<<<<

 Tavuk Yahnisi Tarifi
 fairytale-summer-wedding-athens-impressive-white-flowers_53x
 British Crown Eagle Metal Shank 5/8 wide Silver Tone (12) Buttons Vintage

>>>>

**INSTRUCTIONS FOR THE TASK:** Return the listing exactly as it was given to you, with every line intact.

**RESPONSE TO THE TASK:**
 Tavuk Yahnisi Tarifi
 fairytale-summer-wedding-athens-impressive-white-flowers_53x
 British Crown Eagle Metal Shank 5/8 wide Silver Tone (12) Buttons Vintage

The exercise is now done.